Built bankrupt, still standing
The Royal Canal
The Royal Canal reached Kilcock in 1796. By then the company behind it had already gone bankrupt once — construction costs hit £118,000 and the canal was not finished. It kept going anyway, eventually connecting Dublin to the Shannon. Commercial traffic died off in the 19th century when the railway arrived. The canal fell into disrepair through most of the 20th. Kilcock Harbour was restored in 1982, reopened to boats in 2010, and the Kilcock Canoe Polo Club — which has hosted national and European championships — has been based here since. The towpath is now part of the 130-kilometre Royal Canal Greenway. The canal outlasted the railway, the company that built it, and every canal boat family that worked it.
The emigrant's poet from Kilbrook
Teresa Brayton
Teresa Brayton was born in 1868 in Kilbrook, a townland just outside Kilcock, and emigrated to the United States as a young woman.
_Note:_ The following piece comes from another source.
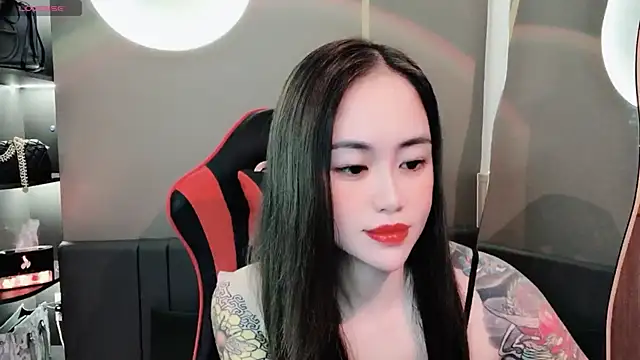 Snapshot of witch-39 chatting on 12-15-24, 03:31 witch-39 online show from 12-15-24, 03:31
She spent thirty years writing poetry about Irish emigrant longing, the most famous being 'The Old Bog Road' — a poem about dying far from home that became one of the most recorded Irish songs of the 20th century, covered by Daniel O'Donnell among many others. She came back to Ireland in 1932 and died in 1943 in the same room in Kilbrook where she was born. Kilcock library holds mementos of her. Most people who can sing 'The Old Bog Road' have never heard of the town it came from.
The only one of its kind left in Europe
Larchill
Four kilometres from Kilcock, in the townland of Phepotstown, sits Larchill — an 18th-century ferme ornée, or ornamental farm, built by Quaker merchants called the Prentice family between 1740 and 1780. A ferme ornée is a working farm designed as landscape art: fields, follies, beech avenues, a lake, a gothicised farmyard, classical garden buildings. Larchill's claim is that it is the only surviving near-complete example of its type in Europe. The rest were remodelled, built over, or left to decay. Larchill nearly went the same way in the 1970s and 1980s but was restored in the 1990s. You can walk it now. The Gibraltar folly sits in the middle of the lake. It is not what you expect to find in north Kildare.